Airliners
- Categories: Airlines / Airliners
- Frequency: Bimonthly
- Founded: 1988
- Final issue: 2012
- Company: Airliners Publications
- Country: United States
- Based in: Miami
- Language: English
- Website: www.airliners.tv
- ISSN: 0896-6575

= Airliners (magazine) =

American former magazine

Airliners was an American magazine dedicated to the airline industry. It was published bimonthly. The title was first published by World Transport Press in 1988. From the 100th issue (July/August 2006) it was produced by Airliners Publications. For a time, the editorial headquarters of the magazine was in Castro Valley, California, although it later was based in Miami.

The civil aviation magazine included articles about the world of commercial aircraft and air carriers, including new low cost airlines, changes at legacy companies, jetliners such as the Airbus A380 and Boeing 787, trips around the world, historical airlines, adventurous flights, airliner crashes and pictures of airliner liveries.

Featured authors included John Adlard, Sebastian Schmitz, Dave Nichols, Ben Wang, Bill Hough, Joel Chusid, Royal King, Robbie Shaw, and Cody Diamond. Photographers contributed images of airlines, aircraft, personnel, facilities and operations.
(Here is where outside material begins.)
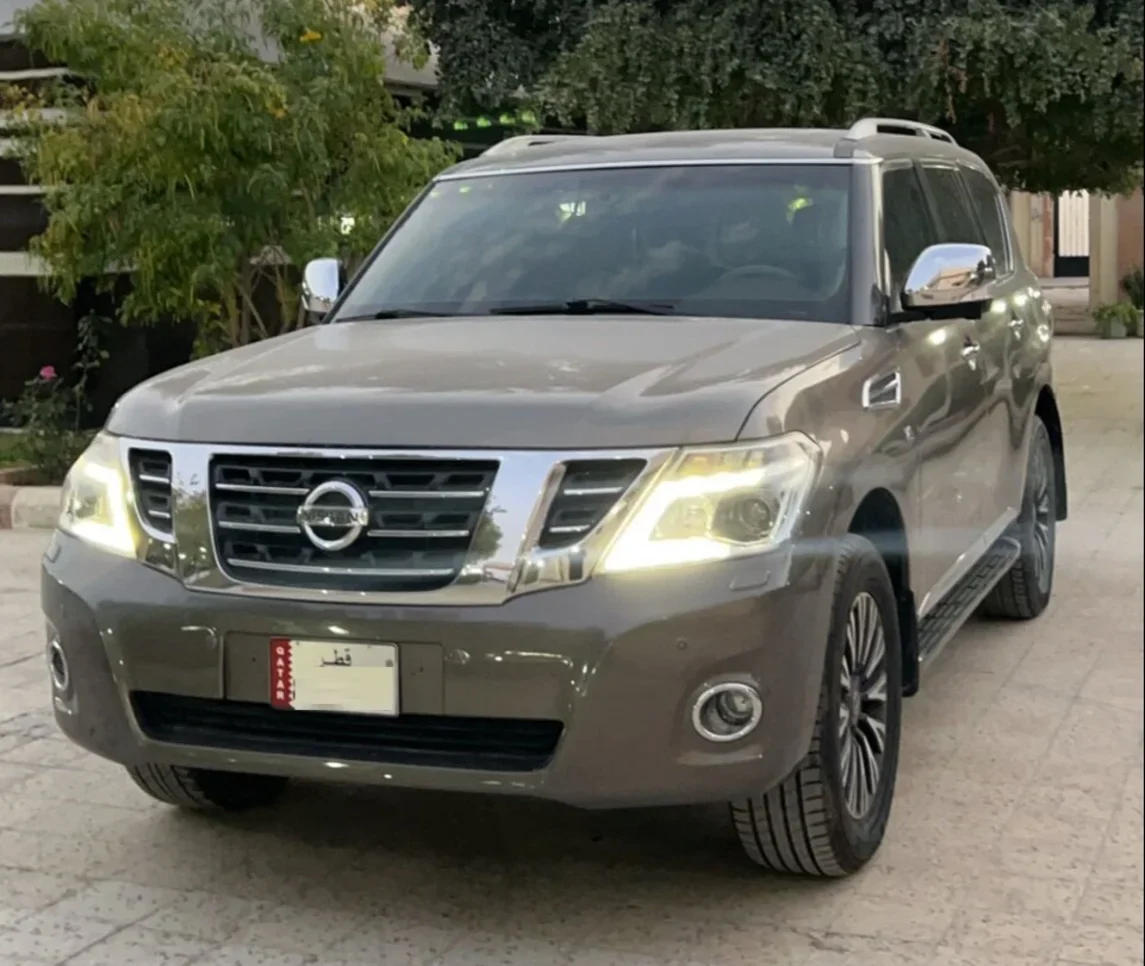 Nissan  Patrol  Platinum  2016  Automatic  216,000 Km  8 Cylinder  Four Wheel Drive (4WD)  SUV  Gray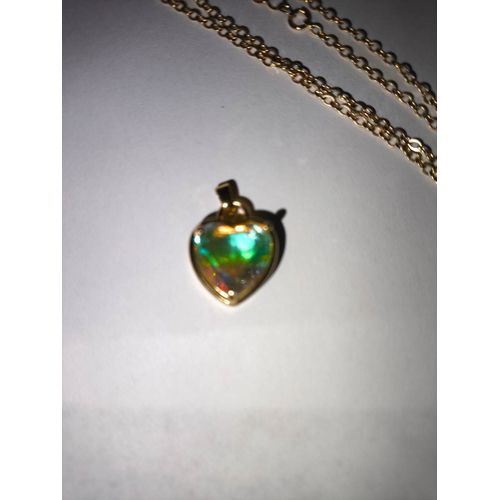 Pendentif En Forme De C?ur Pierre Verte Avec Sa Chaîne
The magazine's first editor was John Wegg, who left Airliners to found Airways Magazine in 1994. Subsequent editors were Bryant Pettit, Nick Veronico, Jon Proctor, David Kaufman and Jay Selman. Starting with the November/December 2007 issue, the editor was Dwayne Darnell. On December 11, 2009, Darnell announced that he was leaving, and that designer/Creative Director Robert Christensen would lead the magazine.

In 2010, Robert Christensen announced plans for a series of online initiatives, releasing e-book formats of the print magazine and establishing a social media presence. The magazine was re-titled Airliners & Airports. Popular components of past issues such as the Air Photo News section were being returned to the magazine's pages, but around the end of December 2012 the magazine abruptly ceased publishing and the website is no longer active.